═════ EXTRACTED MATERIAL ═════

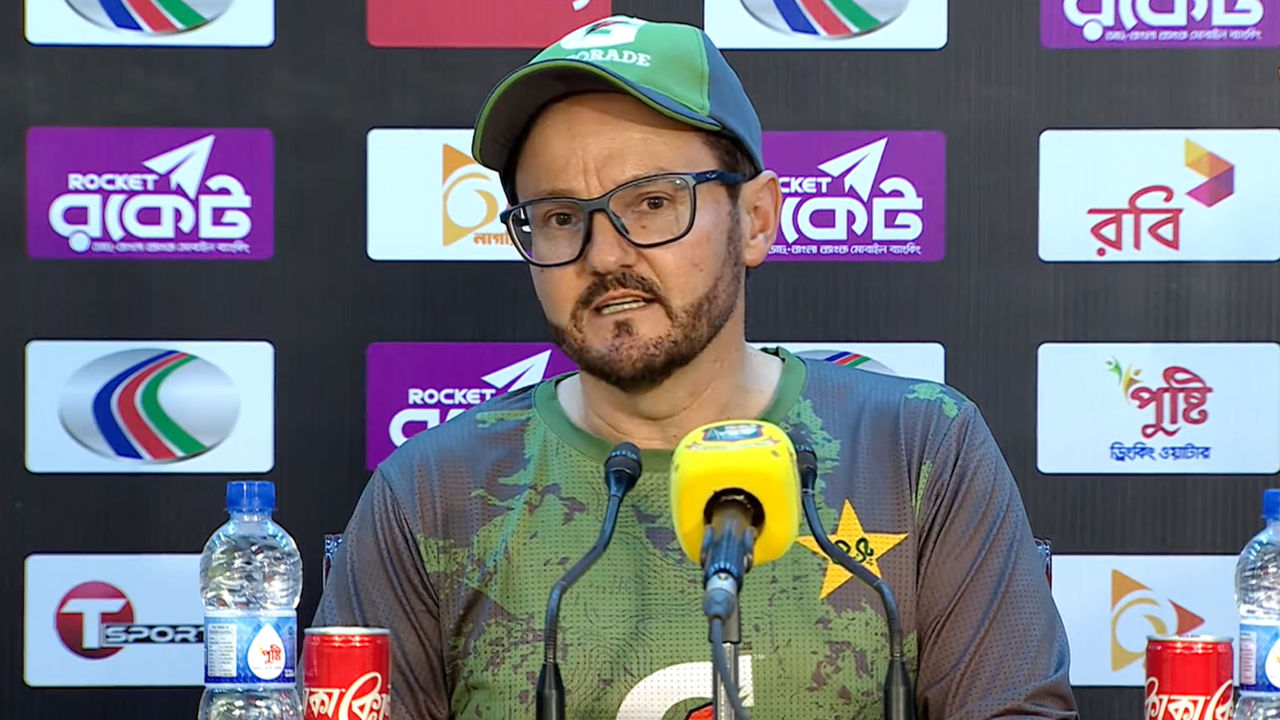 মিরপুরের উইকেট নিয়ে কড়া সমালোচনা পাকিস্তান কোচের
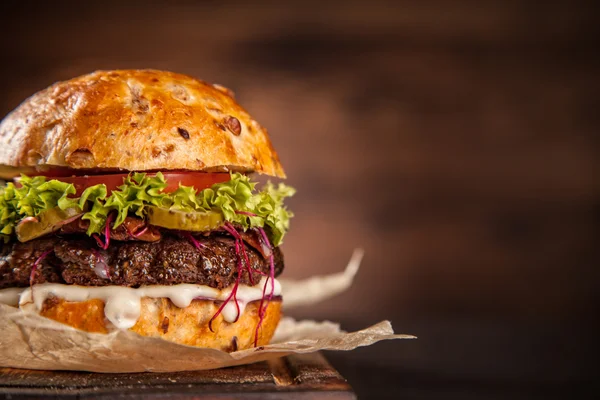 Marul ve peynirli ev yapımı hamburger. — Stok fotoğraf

═════
═════ EXTRACTED MATERIAL ═════

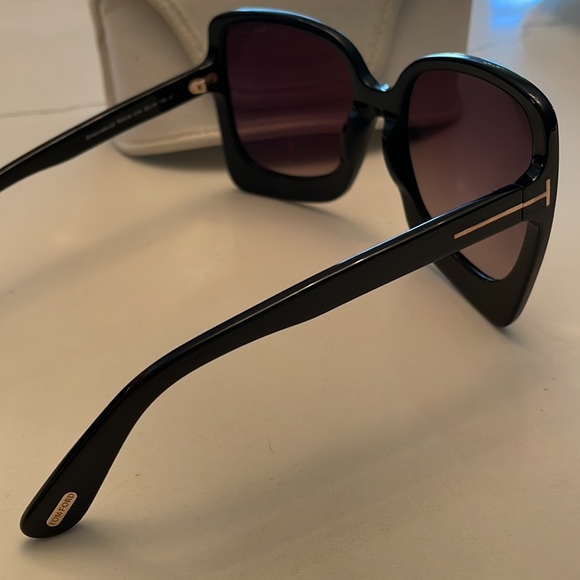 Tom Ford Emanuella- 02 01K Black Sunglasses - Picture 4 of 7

═════

> [WHAT IS BEING ASKED] The expected output is the lines above from the one containing "মিরপুরের উইকেট নিয়ে" to the one containing "Marul ve peynirli", both ends included, reproduced exactly with every picture left out.

> [SOLUTION FOR THIS EXERCISE]
 মিরপুরের উইকেট নিয়ে কড়া সমালোচনা পাকিস্তান কোচের
 Marul ve peynirli ev yapımı hamburger. — Stok fotoğraf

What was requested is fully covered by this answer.